The final Senator, who has made a significant impact on Congressional History, is Robert A. Taft. During the Nuremburg Trials, eleven Nazi’s were found guilty for waging an aggressive war. They were subject to hanging, even though the Constitution says that there shall be no ex-post facto laws made, this was an ex post facto law. Taft spoke out against this, even though the Nazis were an enemy. Taft wanted equal justice under the law, but sadly did not achieve this goal; the Nazis were still hanged. Although a storm was raised during this time in Taft’s life, many were not concerned with whether he was wrong or right. We remember Taft for his, “unhesitating courage in standing against the flow of public opinion for a cause he believed to be right” (205). Taft was not pressured to please his party; he was pressured to do what was right for the people, and that is exactly what he sought out to do.

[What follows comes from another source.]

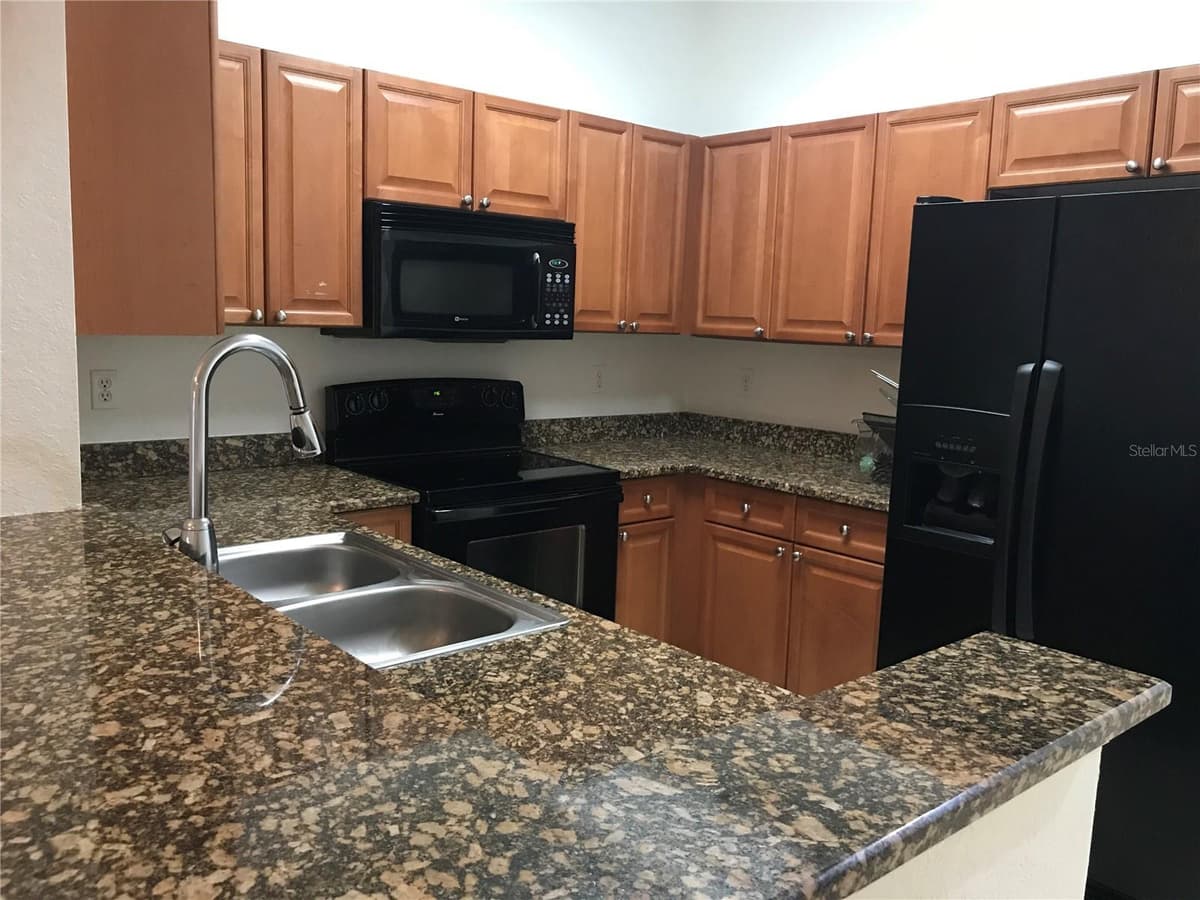 2490 LANCIEN COURT — photo 6 of 17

Many Congressmen take the path to fame, success, fortune, and popularity: while others take the path not followed to freedom, justice, and equality. The three non-conforming Senators showed outrageous amounts of courage in their lifetimes. Whether humans agree with their beliefs or not, they stood up for what they believed to be true, which is what matters most. The right choices of these politicians are not always the most popular decisions. On the other hand, the more popular beliefs and decisions are not always what is best for the nation as a whole. Most politicians chose to take the path of least resistance, while these three politicians defied this way of politics, and spoke against bills or other politicians in order to do what is good and right for the American people. Every human being should aspire to be a person who lives a life standing firm for what I believe to be true. Kennedy has inspired me to become the kind of person who stays true to their beliefs.